That’s why competitive supply chains leverage constrained optimization (CO) techniques to assure their operations are optimally tuned. CO helps supply chains by identifying the best path forward as dynamic conditions change sourcing options and buyer requirements. These kinds of CO are ideally suited for quantum computers, which simulate real-world scenarios in ways that classical computers cannot.
How Supply Chains Benefit
Among the measures CO can identify are:
- The probable combinations that will result in the minimum supply chain cost for a specific product or a set of products, where the cost is constrained by other costs, such as raw materials, labor or other resources involved in creating the product(s)
- The combinations of suppliers and materials to best achieve this lowest cost
- Logistics options to assure on-time delivery and lowest transportation and warehouse costs for products.
CO benefits supply chains in other ways:
Transportation efficiency. CO can be used to identify optimal locations for plants, distribution facilities and other logistics hubs. Even a difference of 1 mile in the location of a plant can make a significant impact in network costs and productivity.
Warehouse management and distribution services. CO can optimize global and local shipping and loads, warehousing and delivery for lowest cost, optimum efficiency and productivity.
Inbound logistics. From order levels to delivery to the production line, optimization can drive maximum production levels at the best cost. One lost shipment or forgotten vendor can wreak havoc on a production line.
Consider, for example, how a major chip manufacturer — before the current semiconductor supply chain and shortage issues — utilized CO to reduce supply chain costs significantly for a new chip.
When the process started, manufacturing costs were approximately US$5.50 per chip. When units were selling for $100, that was a reasonable cost. However, its newer chip cost more to manufacture, about $20.
The only way to profit on the newer chip was to reduce inventory levels, which had been kept high to support a then-lengthy nine-week order cycle. To achieve the supply chain cost needed, the cycle time and resulting inventory costs/time needed to be reduced dramatically.
Through the power of CO computations, the chip manufacturer identified the optimum cycle time and how to adjust to meet a new order time of two weeks.
The result? A supply chain cost reduction of about $4 for each new chip, fulfilling the required cost to deliver the profit margin required for mass success.
The Future is Quantum
The computational load required to process large datasets in a reasonable time frame is huge, and current computers typically lack the performance and accuracy needed. Quantum computing techniques, however, can empower CO to a new levels of accuracy and performance by allowing you to represent variables (like trucks, people or stock-keeping units), constraints (cost, volume and time) and objectives within a multidimensional state.
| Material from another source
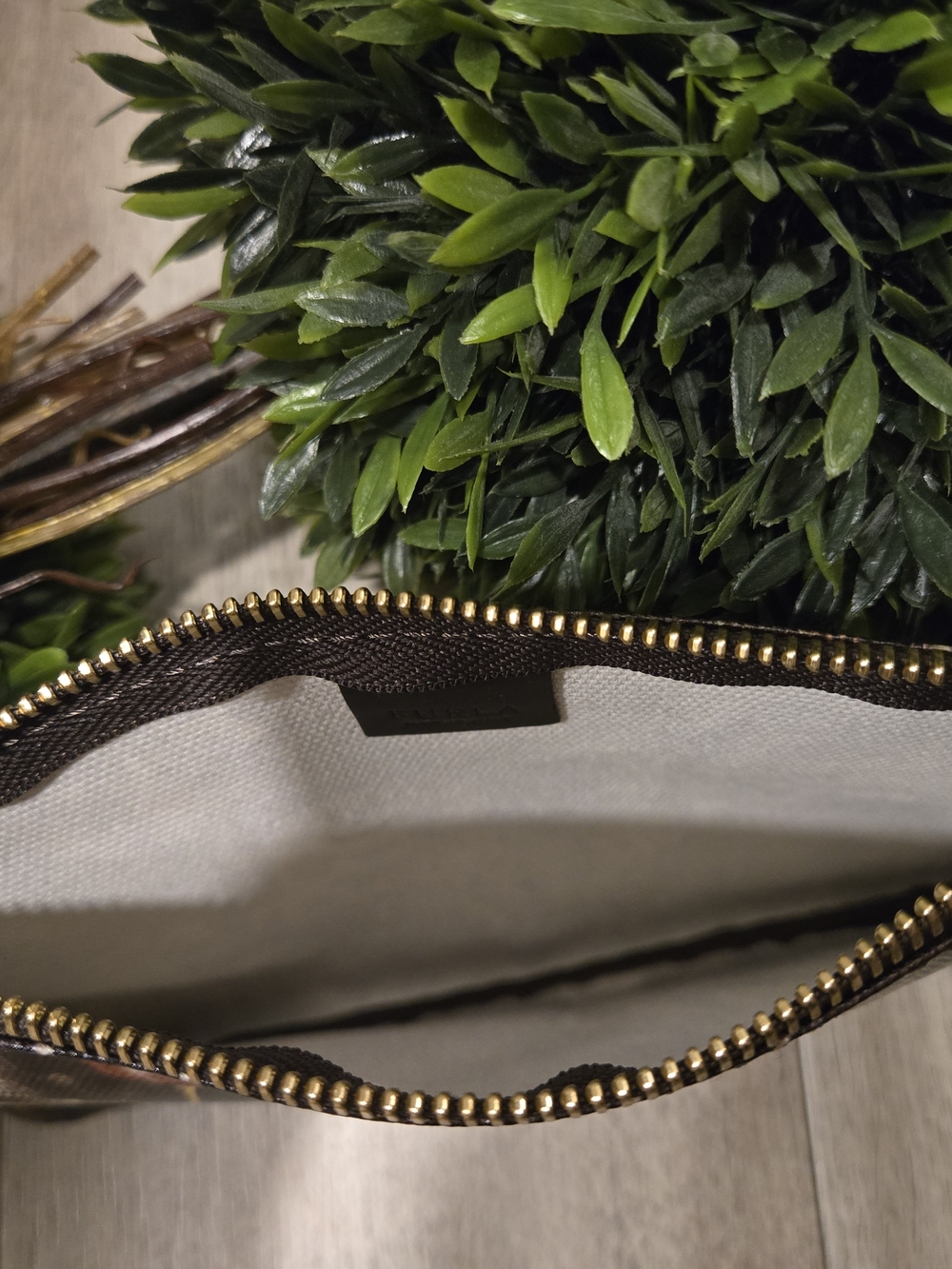 Furla RARE The OZ Wristlet - Picture 4 of 8
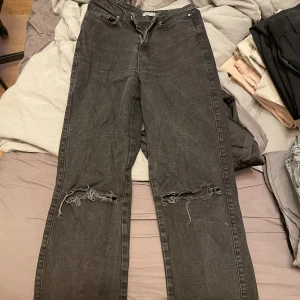 Svarta jeans - Använda men i gott skick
Thus, quantum techniques can be used to process data, requirements and goals in a way that represents the real world, including interrelationships and dependencies. As the data is processed, it changes states to represent the probabilistic cause-and-effect relationships, and the real-world scenarios that result. Organizations can view the probable outcomes of various potential business decisions and select the one that best meets their current situation.
When supercharged with quantum-ready techniques, CO can deliver the deeper insights organizations need to get and stay ahead. These techniques help companies make better decisions to improve supply chain efficiency, leading to better business outcomes.